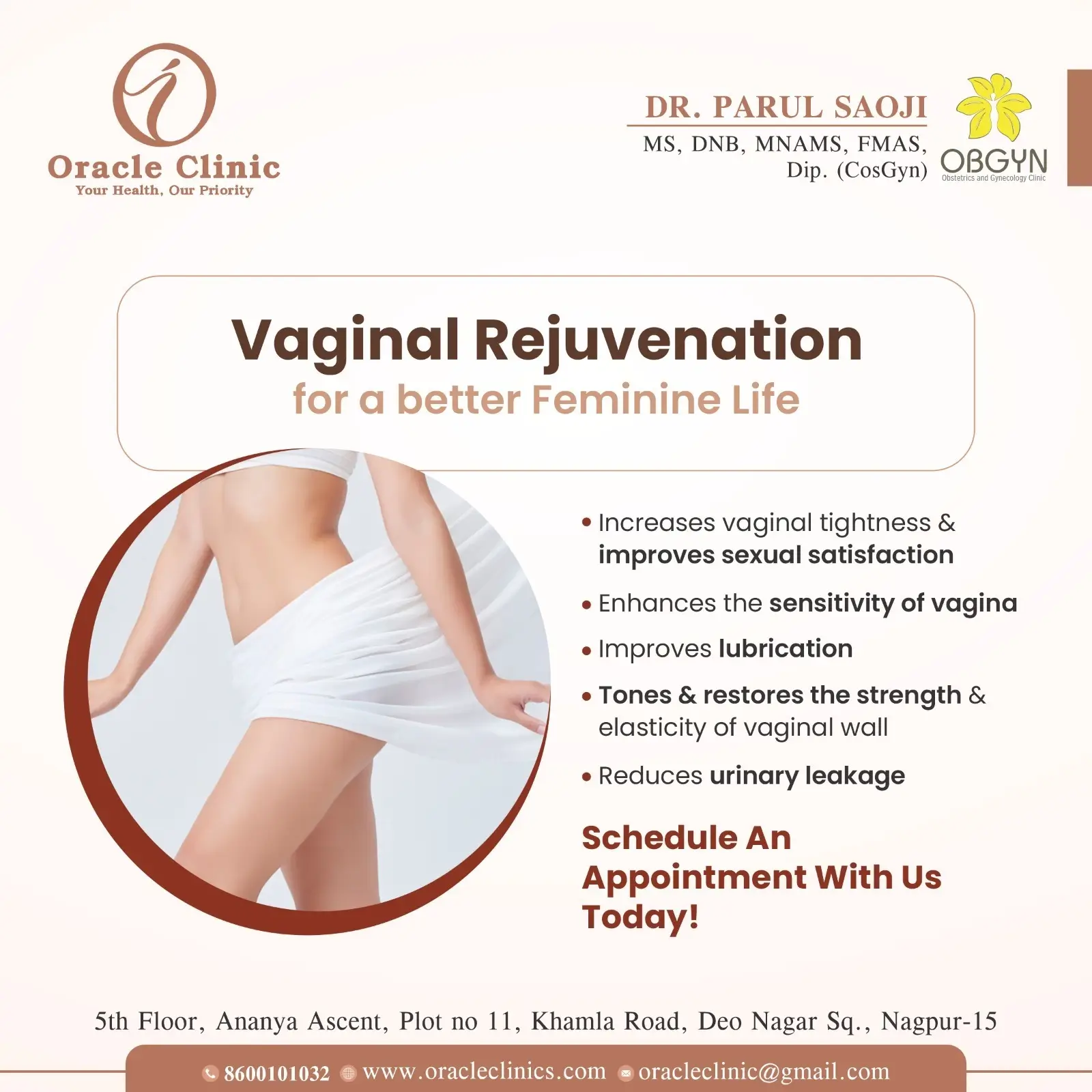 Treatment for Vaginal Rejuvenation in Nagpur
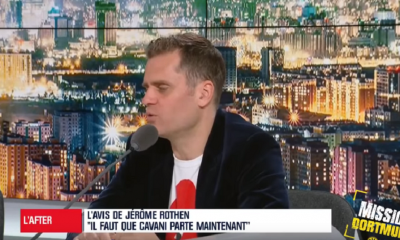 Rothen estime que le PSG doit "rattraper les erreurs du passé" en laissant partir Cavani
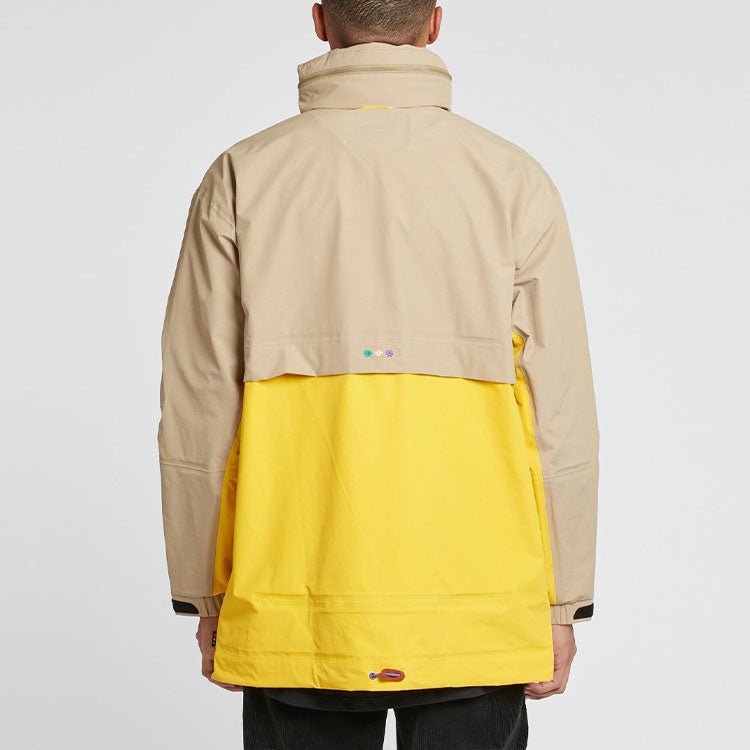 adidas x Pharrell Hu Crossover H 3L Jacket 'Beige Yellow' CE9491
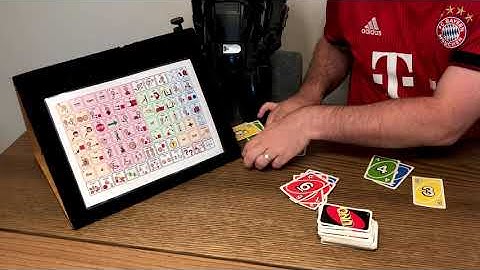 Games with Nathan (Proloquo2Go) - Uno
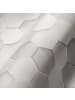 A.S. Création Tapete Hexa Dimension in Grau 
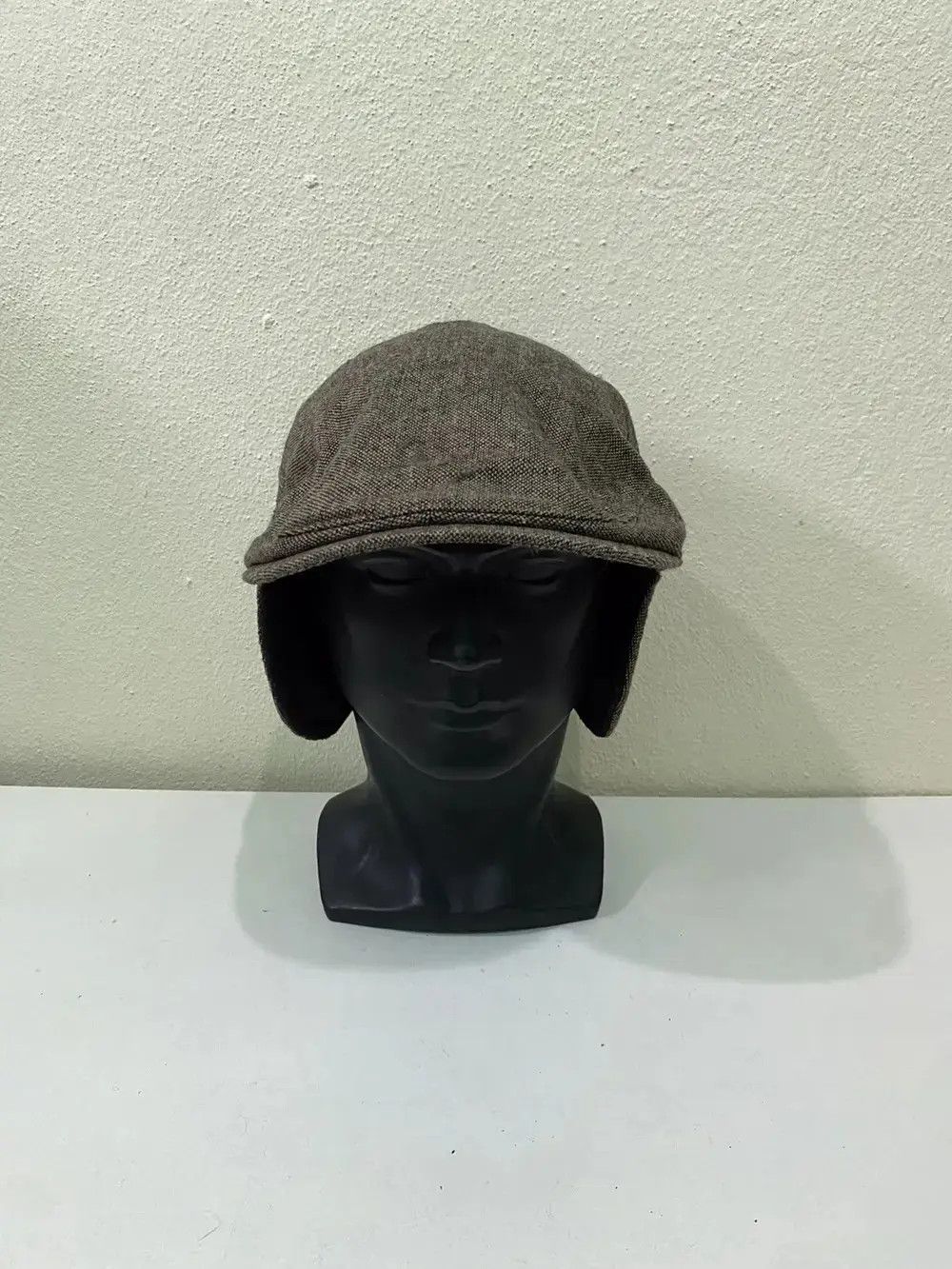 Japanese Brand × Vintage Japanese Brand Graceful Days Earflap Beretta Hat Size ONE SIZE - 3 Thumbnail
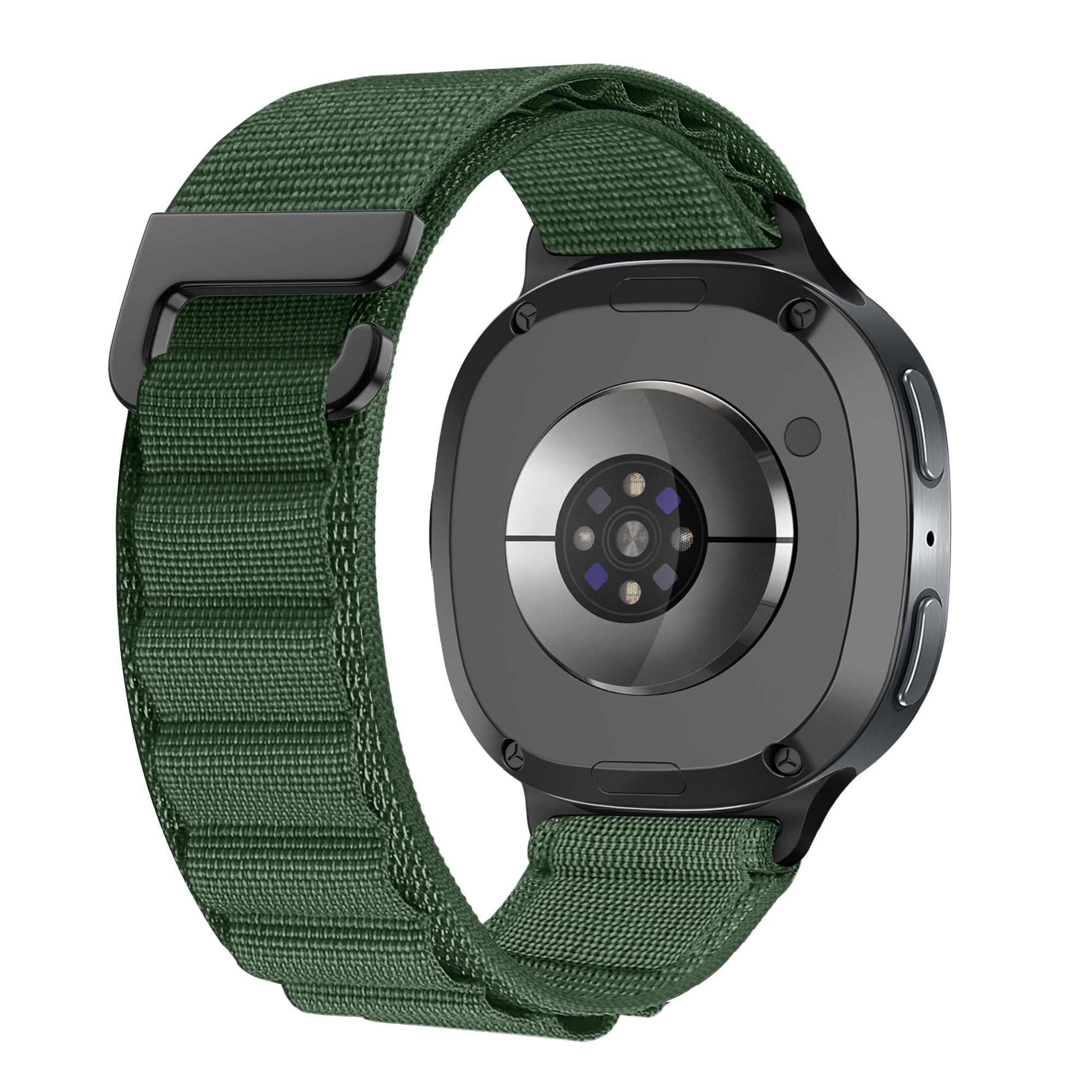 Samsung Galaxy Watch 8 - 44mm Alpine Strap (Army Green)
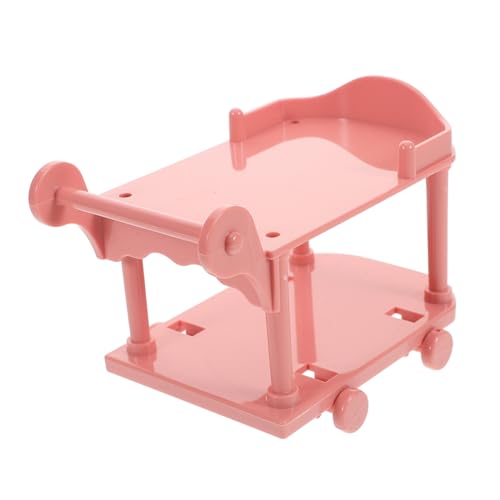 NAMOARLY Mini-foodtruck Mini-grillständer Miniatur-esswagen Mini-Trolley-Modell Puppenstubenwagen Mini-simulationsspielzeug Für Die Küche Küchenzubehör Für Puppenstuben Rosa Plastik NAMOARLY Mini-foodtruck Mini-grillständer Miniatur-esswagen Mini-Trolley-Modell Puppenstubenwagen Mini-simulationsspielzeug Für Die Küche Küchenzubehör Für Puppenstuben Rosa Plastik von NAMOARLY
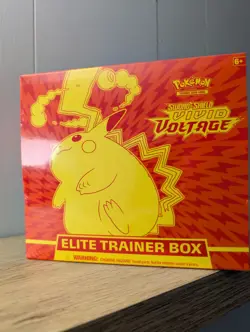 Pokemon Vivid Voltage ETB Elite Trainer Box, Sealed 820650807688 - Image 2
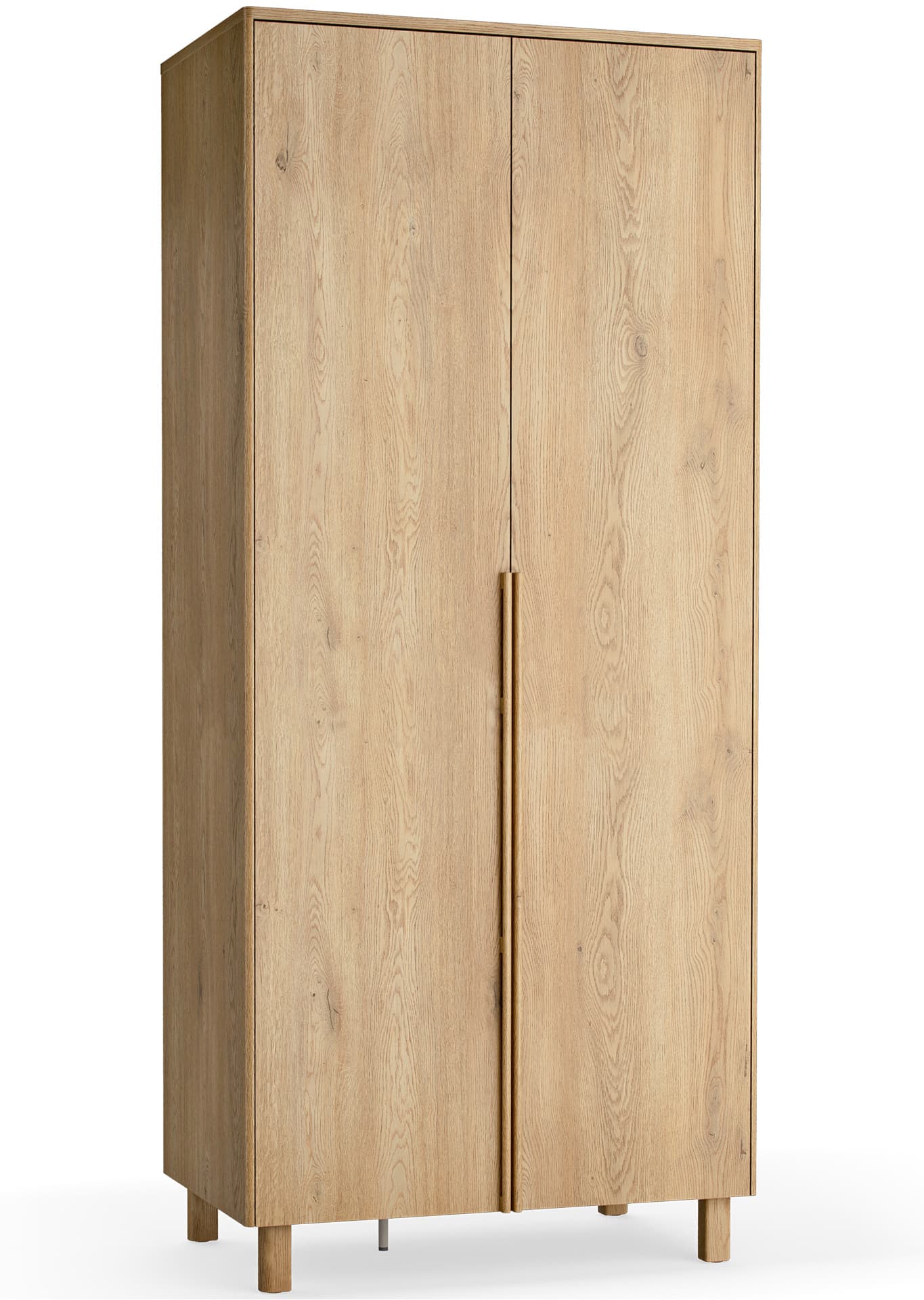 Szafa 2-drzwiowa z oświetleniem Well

> TASK STATEMENT:
Lines from the one with "A.S. Création Tapete Hexa Dimension in Grau" through the final line of the records are the whole answer; print them exactly, minus any pictures.

> EXPECTED ANSWER:
 A.S. Création Tapete Hexa Dimension in Grau 
 Japanese Brand × Vintage Japanese Brand Graceful Days Earflap Beretta Hat Size ONE SIZE - 3 Thumbnail
 Samsung Galaxy Watch 8 - 44mm Alpine Strap (Army Green)
 NAMOARLY Mini-foodtruck Mini-grillständer Miniatur-esswagen Mini-Trolley-Modell Puppenstubenwagen Mini-simulationsspielzeug Für Die Küche Küchenzubehör Für Puppenstuben Rosa Plastik NAMOARLY Mini-foodtruck Mini-grillständer Miniatur-esswagen Mini-Trolley-Modell Puppenstubenwagen Mini-simulationsspielzeug Für Die Küche Küchenzubehör Für Puppenstuben Rosa Plastik von NAMOARLY
 Pokemon Vivid Voltage ETB Elite Trainer Box, Sealed 820650807688 - Image 2
 Szafa 2-drzwiowa z oświetleniem Well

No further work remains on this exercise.